When is it true that if the fibers $X_s \to {\rm Spec} \kappa (s)$ satisfy a certain property for all closed $s \in S$, all fibers satisfy this property.
The answer to the first question is almost never positive if you do not make additional assumptions. The two main cases, where I know of a positive answer, are:
Ia. The first one is Francesco's answer: If $X \to S$ is flat (EDIT: and locally of finite presentation) and all fibers are smooth (or etale), then $X \to S$ has the same property. There are variants for other types of singularities.

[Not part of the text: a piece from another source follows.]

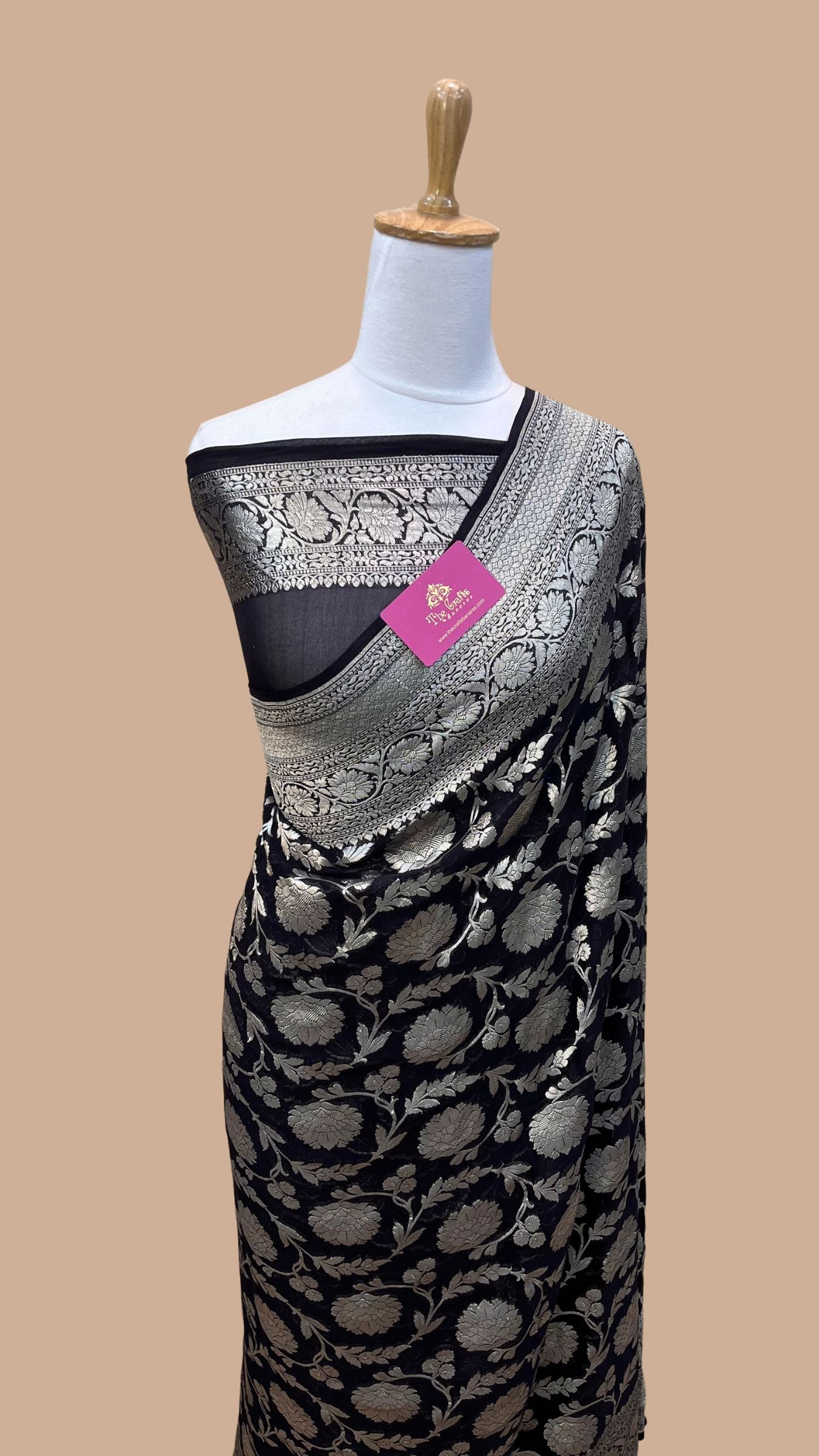 Khaddi Georgette Handloom Banarasi Saree - Water Zari
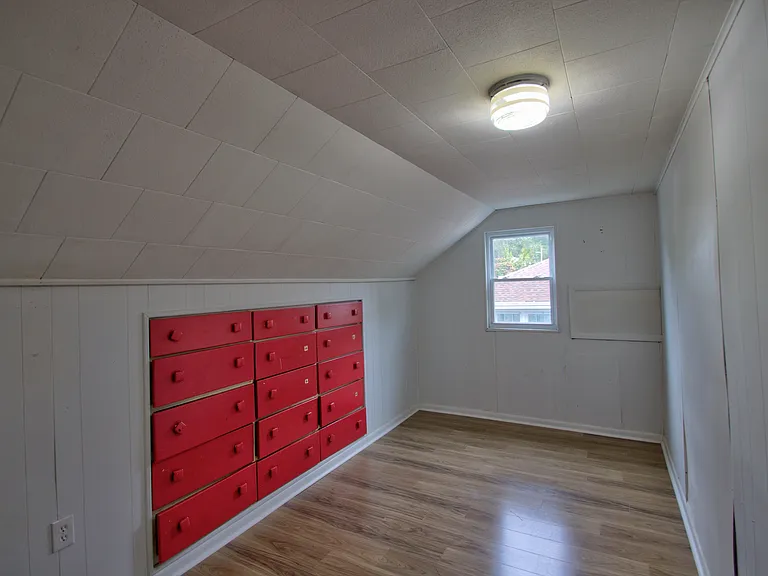 505 Nassau St — Photo 33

Ib. If $X \to S$ is proper and all fibers are finite, then $X \to S$ is finite (Grothendieck's version of Zariski's main theorem).
There are variants, as if $f\colon X \to S$ is proper, flat and of finite presentation and $X_s \to {\rm Spec} \kappa(s)$ is an isomorphism for one $s \in S$, then there exists an open neighborhood $U$ of $s$ such that $f^{-1}(U) \to U$ is an isomorphism.
The answer to the second question is much more often positive. There is the following general principle: Assume that $X$ is of finite presentation over $S$. Let $C$ be the set of points $s \in S$ where $X_s \to {\rm Spec} \kappa(s)$ has a certain "decent" property $P$. Usually "decent" should at least imply that you have a property of schemes over a field that is stable under extension of the base field; thus "irreducible" is not a decent property, but "geometrically irreducible" is.
Then $C$ is constructible. $C$ is open if $X$ is in addition proper and flat over $S$.
Of course this is not true for all properties (e.g., for the property of being an affine morphism) but it does hold for many properties. Many statements of this kind are proved in EGAIV, mainly §9 and §12. There is also a rather long list in the appendix of my book with Görtz.
Therefore to answer the second question it suffices to answer the following question.
In general the answer is no because there are schemes that do not contain any closed point. If $C$ is constructible, then the answer is positive if $S$ is of finite type over a field or, more generally, if $S$ is Jacobson (e.g. if $S$ is of finite type over a Dedekind ring with infinitely many prime ideals - as the ring of integers). In this case $C \mapsto C \cap S_0$ yields a bijection between constructible subsets of $S$ and constructible subsets of $S_0$.
If $C$ is open, then to get a positive answer it suffices to have a scheme where every point has a closed point in its closure. This is true for quasi-compact schemes (easy to see using that this is certainly true for affine schemes) or locally noetherian schemes (not that easy to see).